De vuilnis ligt gewoon in de achtertuinen. Jammer, want er is best wat van
het eiland te maken, maar de spirit is verdwenen. Het enige wat goed draait
is het oliedepot maar dat is in Amerikaanse handen. Vanavond hoorden we iemand
door de microfoon schallen, die heeft pit genoeg. Een bijeenkomst van een
politieke partij want er zijn 7 mei gemeenteraadsverkiezingen. Het enige
wat we duidelijk konden horen waren de woorden die de man steeds maar weer
schreeuwend herhaalde "This island, this island". Het gaf ons een onprettig
gevoel.

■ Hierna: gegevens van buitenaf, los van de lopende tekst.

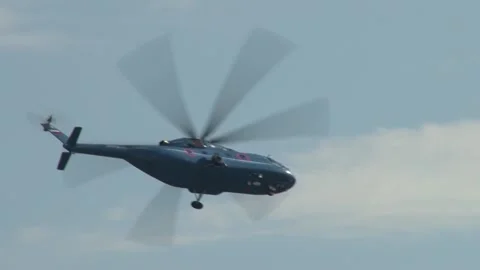 Multi-purpose helicopter Mi-38 performs flight with elements of aerobatics. Stock Footage 219809658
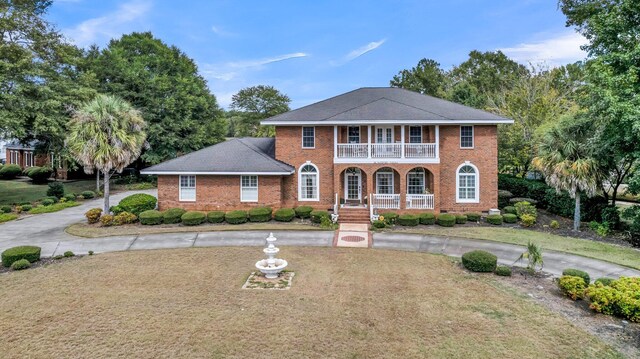 view of front of home featuring a front yard, curved driveway, brick siding, a balcony, and a porch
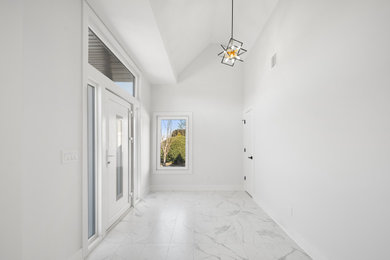 Inspiration for a large marble floor, white floor, vaulted ceiling and wood wall entryway remodel in New York with white walls and a medium wood front door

Er zat iets opzwiepends in zijn relaas. Puntmutsen en fakkels dat
was het enige wat er nog aan mankeerde. Oranjestad bestaat uit lower- en
uppertown. Beneden het havengebied met de stroomvoorziening van het eiland,
een aantal dikke catterpillars, een benzinepomp, 2 eethuisjes, 1 hotel en
wat kleine duikzaken. Via de "old slavery road" kan je naar boven wandelen.
Het gaat flink steil omhoog. Puffend en hijgend komen we bij Ford Oranje.
Ook hier een armoedig zootje, maar men is gelukkig wel bezig met renovatie.
De houten bankjes van de kanonnen zijn doorgerot, de obelisk van Michiel
Adriaensz de Ruyter heeft een verfje nodig en de opscriptie van de plaquette,
ooit onthuld door de Amerikaanse president Roosevelt ter herinnering aan
't eresaluut, mag ook wel even bijgewerkt worden. Dit eresaluut werd door
de toenmalige commandant de Graaf in 1770 gegeven toen de "Andrea Doria"
Statia aandeed met de nieuwe vlag van de Verenigde Staten van Amerika.
Deze erkenning leidde wel tot een oorlog tussen Holland en Engeland, welke
wij helaas verloren en kaalgeplukt werden door admiraal Rodney. Het begint
al te schemeren als we naar beneden lopen. Het is tijd voor een hapje en
een drankje. Dat hebben we na al dat geklauter wel verdiend.
Groetjes vanaf de ZOEA van Glen en Margriet Krab.